Rafe Boulon with “Snagglepuss,” first seen and tagged (AAG 347) on Sandy Point, St. Croix, in 1979 and last seen there in 1998, when the photo was taken.
Leatherback returns to Sandy Point and sustains head injury
Scientists at the Sandy Point National Wildlife Refuge (SPNWR) were thrilled to encounter an old friend nesting on the beach this year.
Leatherback sea turtle number AAG322, first observed in 1981 returned 31 years later to lay another nest at SPNWR.
“Other projects studying nesting leatherbacks have recorded females returning to beaches for 18 and 19 years but none of them coming close to 31 years,” said SPNWR biologist Claudia Lombard.
AAG322 has returned many times through the years to lay a total of 59 nests at Sandy Point, a fact that is known thanks to the consistent monitoring efforts of many different scientists and volunteers.
Every leatherback that nests at SPNWR receives a flipper tag with a unique number so that scientists can track individual turtles through time as well as assess the population status.
“Although AAG322 is the turtle that has been coming to Sandy Point for the longest time, there are a couple of other turtles that are not far behind her,” said Jennifer Valiulis, director of the sea turtle project for Geographic Consulting, the group which currently does the sea turtle monitoring at SPNWR.
Each year between 90 and 200 leatherback turtles migrate from feeding grounds in the North Atlantic to nest at SPNWR on St. Croix. SPNWR hosts the largest nesting population within United States jurisdiction and in the Northern Caribbean.
The leatherback sea turtle recovery program at SPNWR began monitoring and protecting turtles in 1977 and has since developed into one of the most unique, long-term sea turtle research and recovery efforts in the world.

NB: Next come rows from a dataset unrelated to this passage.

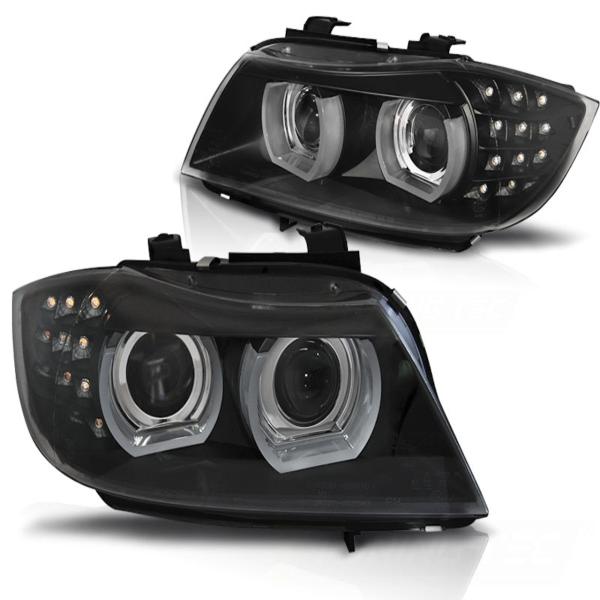 Xenon Scheinwerfer 3D Angel Eyes für BMW 3er E90 E91 LCI Bj. 09-12 Schwarz AFS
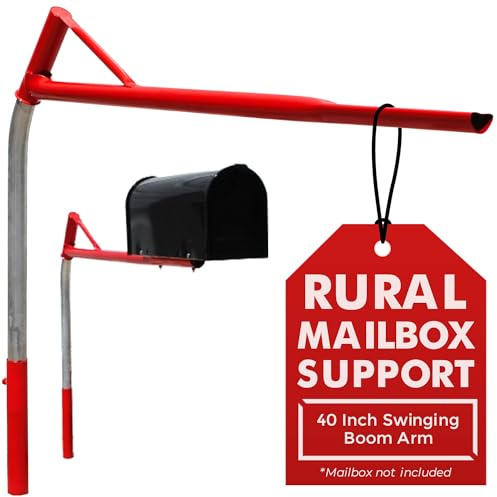 SwingClear, Mailbox Support Post with Swinging Boom Arm, No Dig Post, Galvanized Steel, Ideal for Both Rural and Residential, for All Mailbox Types (Accessories Sold Separatey), Made in The USA (Red)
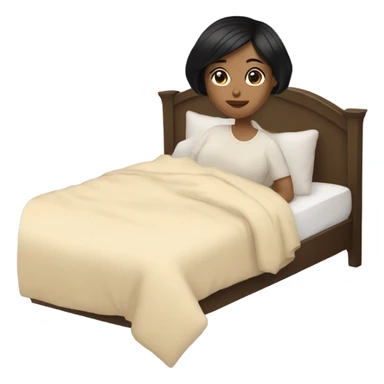 girl with short black hair laying in a big bed with a beige comforter  sticker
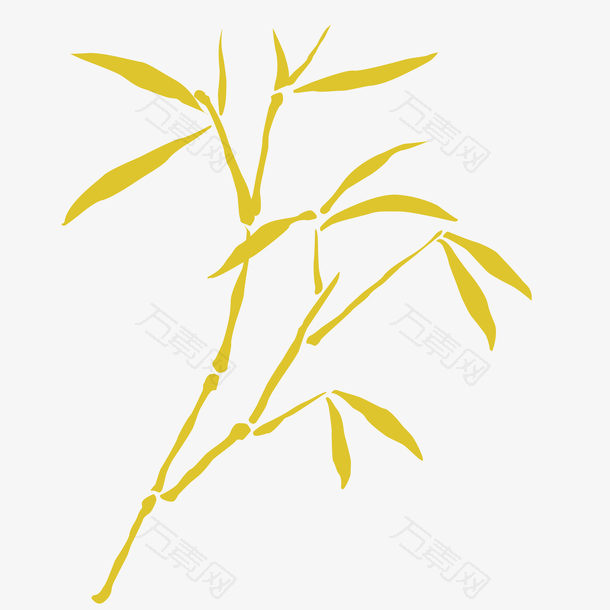 一根唯美的金黄色竹子带竹叶矢量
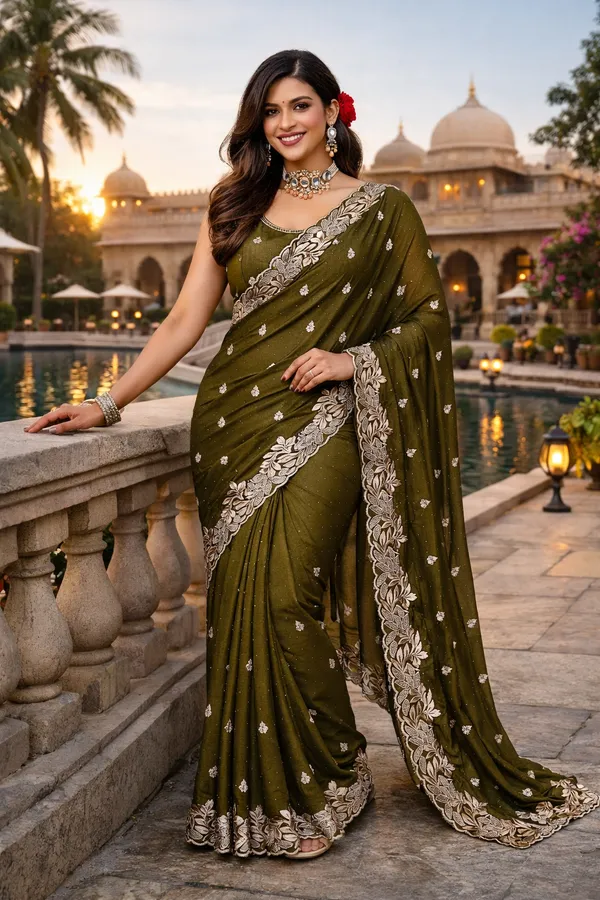 Mehendi_Embroidered_Saree_With_Blouse_Piece_For_Women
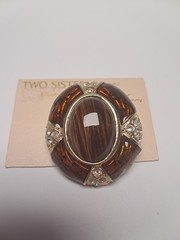 Vintage Two Sisters Medici Amber Tiger Eye Rhinestone Gold Tone Brooch Pin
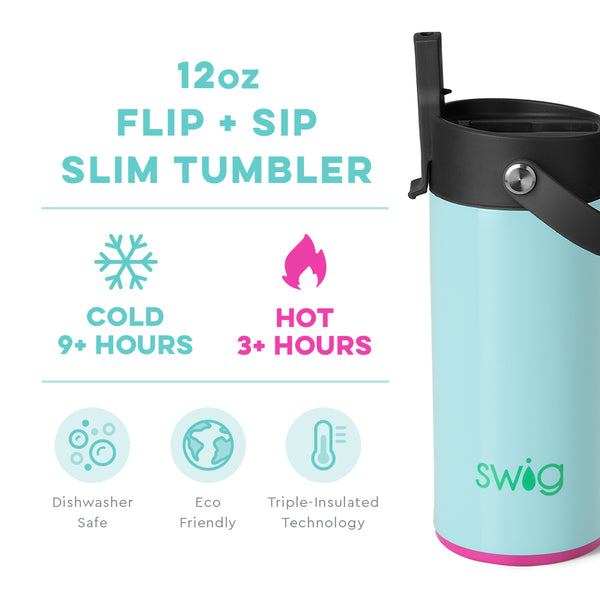 Swig Life 12oz Prep Rally Flip + Sip Slim Tumbler temperature infographic - cold 9+ hours or hot 3+ hours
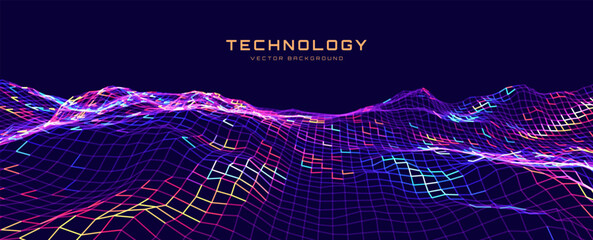 Hi Tech Network Connection Grid. 3D Technology Style Baner Design. Technology Vector Illustration. Futuristic Design for Technology or Science Event.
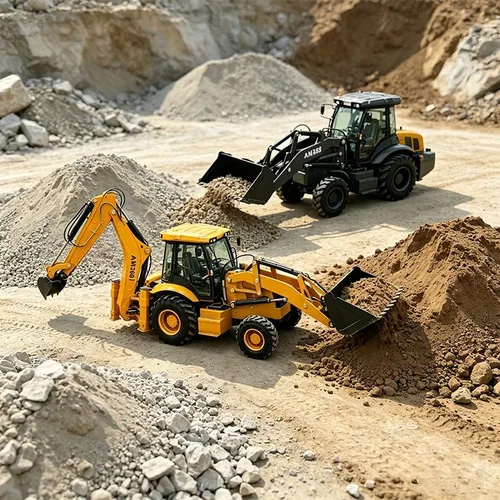 4WD backhoe loader with vacuum tires for rough ground operation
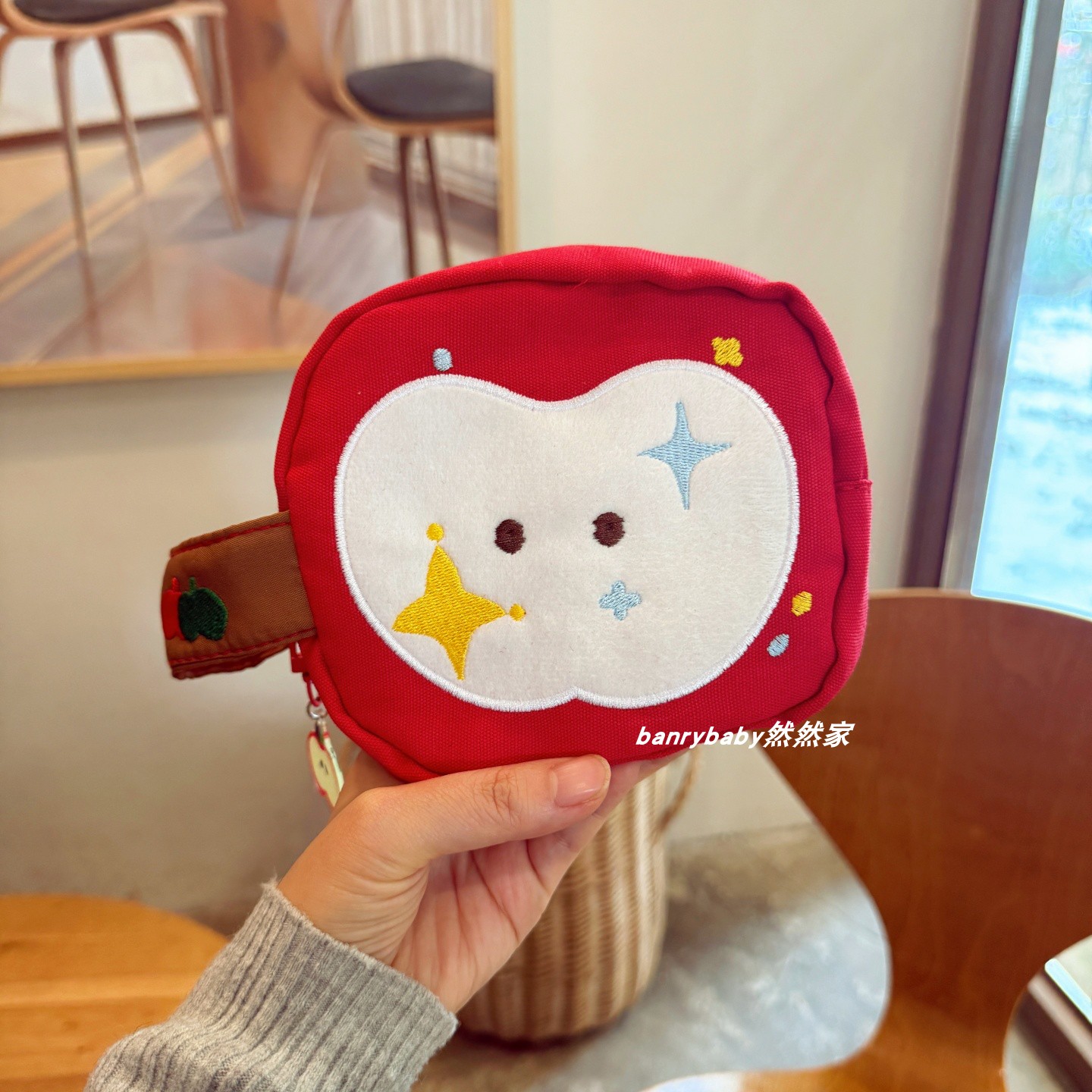 韩系刺绣苹果收纳包大容量便携化妆包多功能拍立得ccd相机包手拎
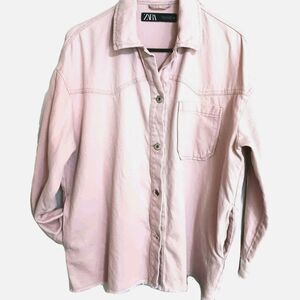 Zara Oversized Lt Pink Sz S Denim Shacket Raw Hem Button Down Lapel Collar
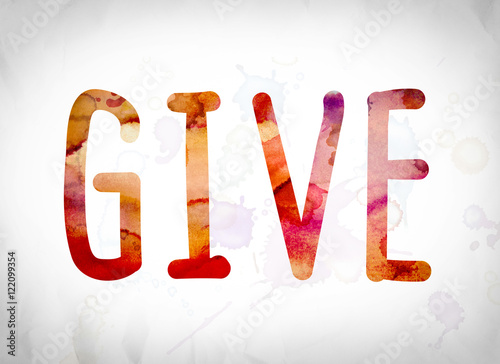 Give Concept Watercolor Word Art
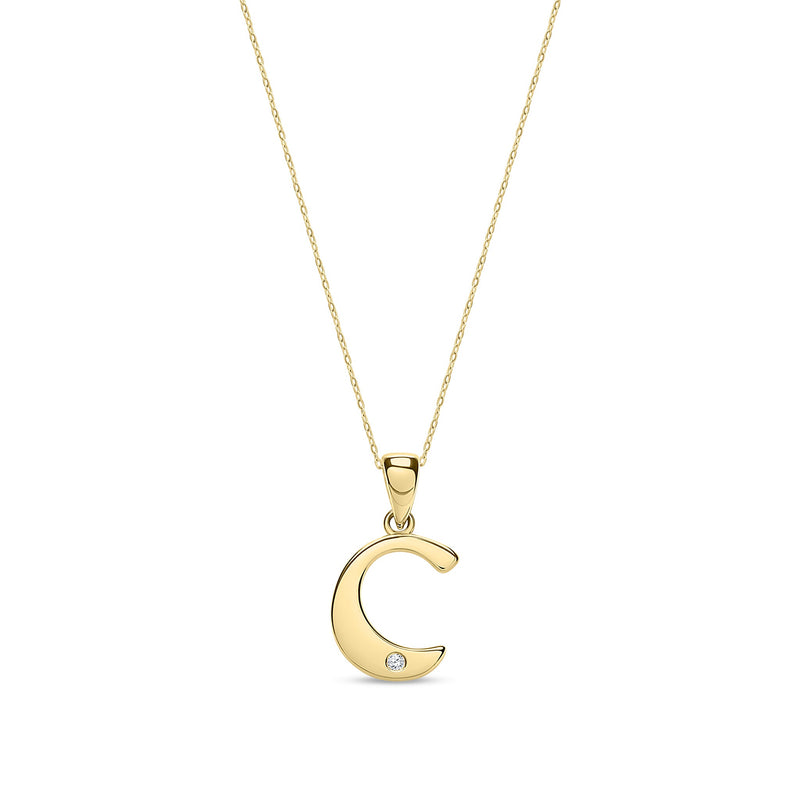 9ct Yellow Gold Natural Diamond Initial C Pendant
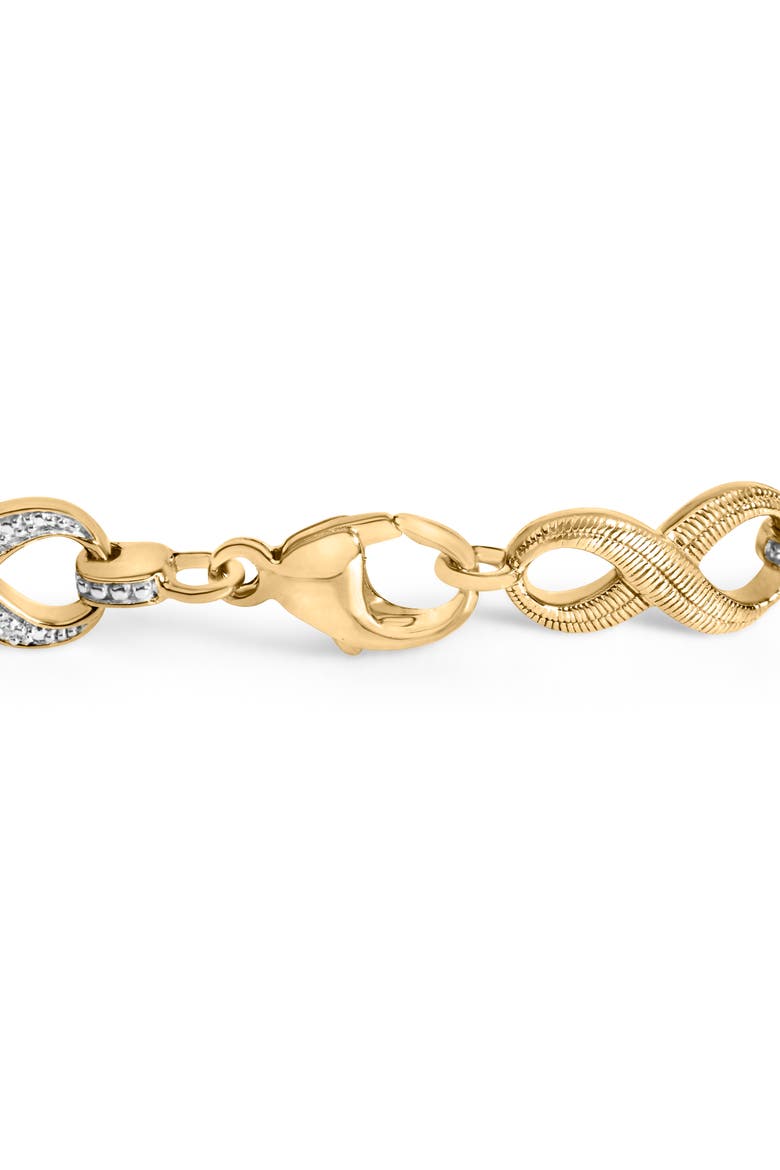 Gold Vermeil 1/10 Cttw Diamond Infinity Link Bracelet, Alternate, color, Silver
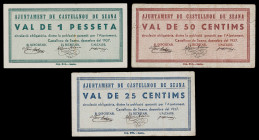 Castellnou de Seana. 25, 50 céntimos y 1 peseta. (T. 866 a 868). 3 billetes, serie completa. Los 25 céntimos, nº 0332. Raros. BC+/EBC-.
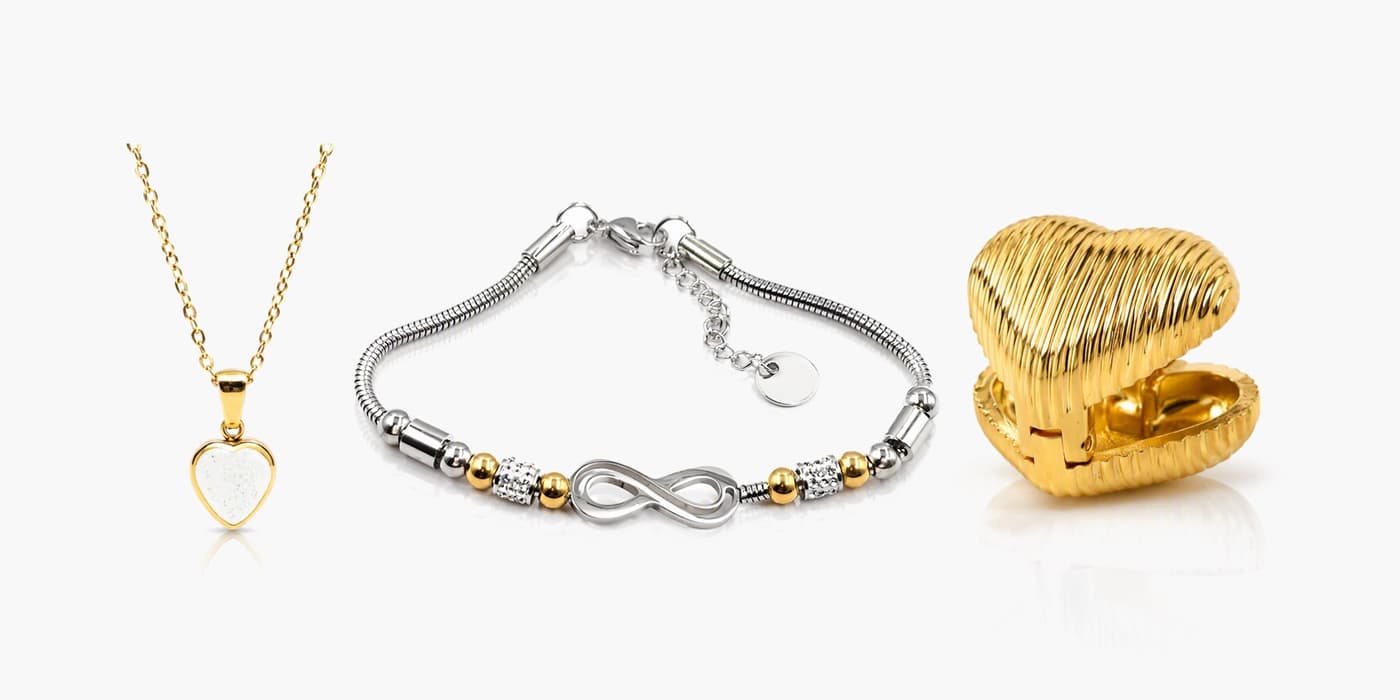 Gold Date Night Heart & Infinity Set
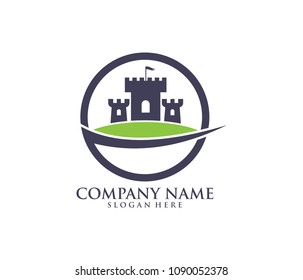 castle fortress stronghold vector icon logo design template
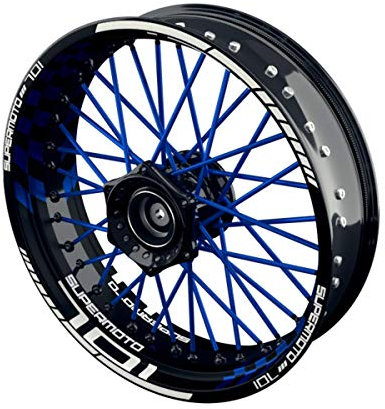 OneWheel Felgenaufkleber Motorrad passend für Husqvarna 701 | 17 Zoll | Vorder- und Hinterrad inkl. Farbiger Spokes (blau)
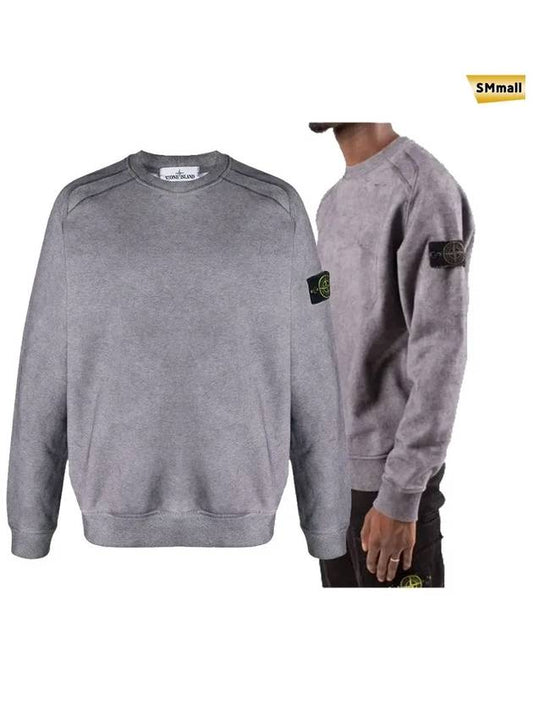 Dust Colour Treatment Crewneck Sweatshirt Grey - STONE ISLAND - BALAAN 2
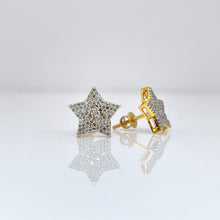 Load image into Gallery viewer, 0.33 CT. Natural Diamond Star Shape Stud Earrings In 10 KT Yellow Gold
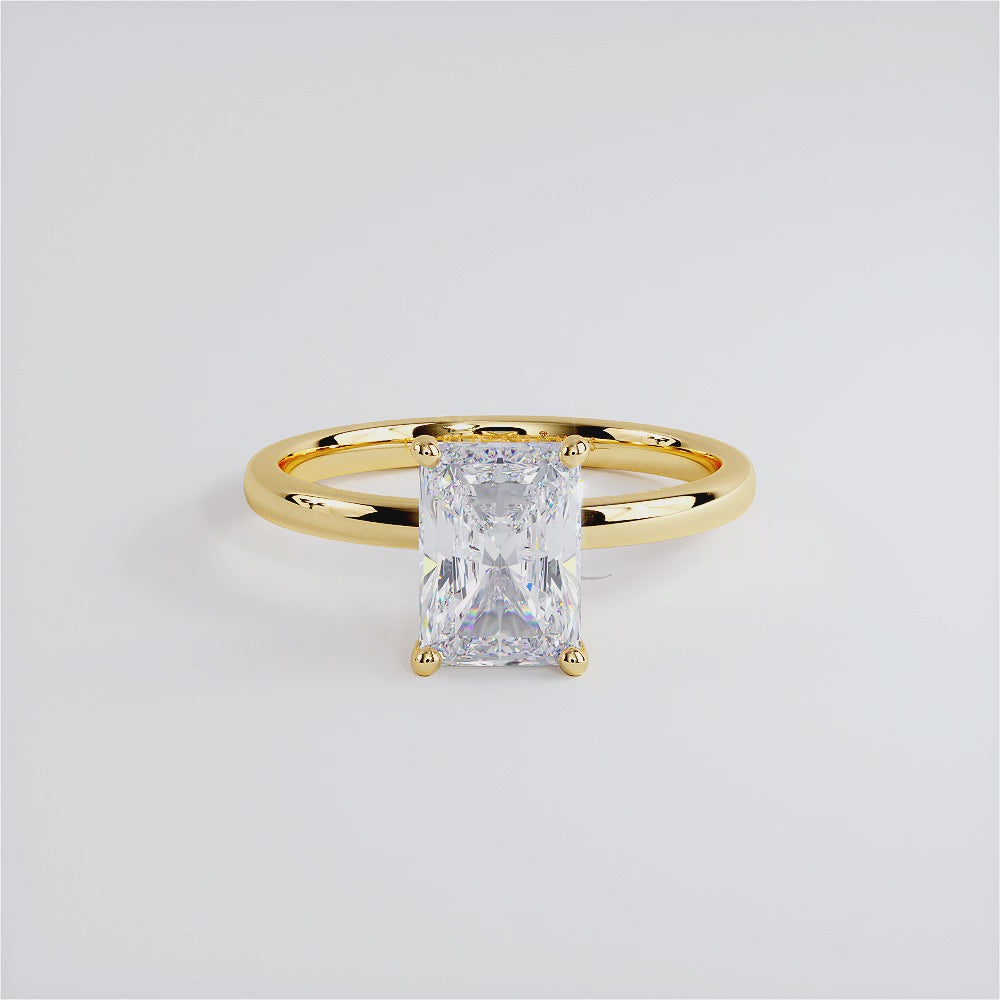 1.5 Carat Radiant Cut Petite Wire Basket Solitaire
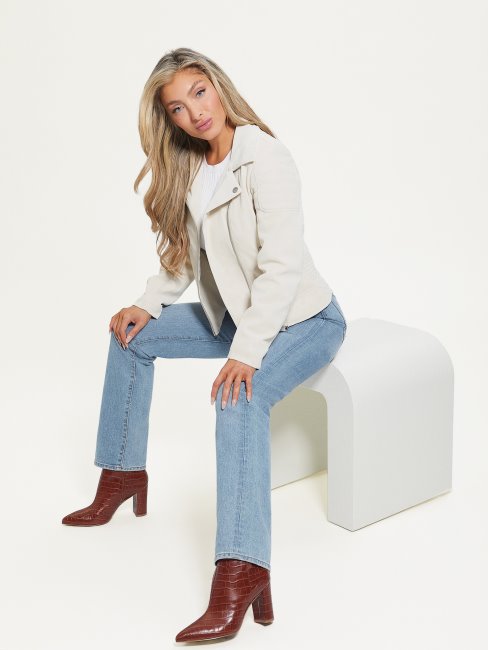 Veste De Moto Olivia Huître Perlée Guess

The number of nesting females has grown from under 20 in 1982 to more than 100 in most recent years. The 2009 nesting season set a record with 202 nesting females and over 1000 nests.
The endangered leatherback sea turtle is the largest, deepest diving, most migratory, and widest ranging of all sea turtles. The leatherback turtle is distributed worldwide in tropical and temperate waters of the Atlantic, Pacific, and Indian Oceans.
It is also found in small numbers as far north as British Columbia, Newfoundland, and the British Isles, and as far south as Australia, Cape of Good Hope, and Argentina.
Throughout this entire range, the leatherback sea turtle is considered endangered. Adult female leatherbacks migrate to tropical sandy beaches to nest every two to three years.
Females emerge from the ocean at night and lay approximately 80 to 100 eggs deep in the sand. They nest an average of 5 to 6 times each season, typically at 10-day intervals.
The excitement of this new record is diminished by the fact that the turtle later suffered a serious head injury. When scientists first saw AAG322 this year nesting on March 16 she appeared healthy.
Only two weeks later she emerged to nest again, but this time had multiple wounds to her head, mostly around her eyes. These wounds appeared to be caused by a boat propeller. She was able to lay one more nest about 10 days later, her last of the season, and scientists documented a rotten smell coming from her wounds.
“Wounds from boat propellers are not uncommon here, and her’s were especially severe,” said Valiulis.
A disturbing increase in the number of boat strike injuries to sea turtles has been documented at SPNWR.
All sea turtles spend time at the surface breathing, basking in the sun, and searching for suitable beach nesting habitat. At these times, sea turtles are very susceptible to boat traffic.
Sea turtles can be seriously injured or killed if hit by the hull of a boat or a boat propeller. Boats operating erratically or at high speeds do not allow turtles enough time to dive and avoid a boat.
Lombard and Valiulis urged boaters to operate boats responsibly and at safe speeds to protect sea turtles, especially when driving close to nesting beaches or foraging areas.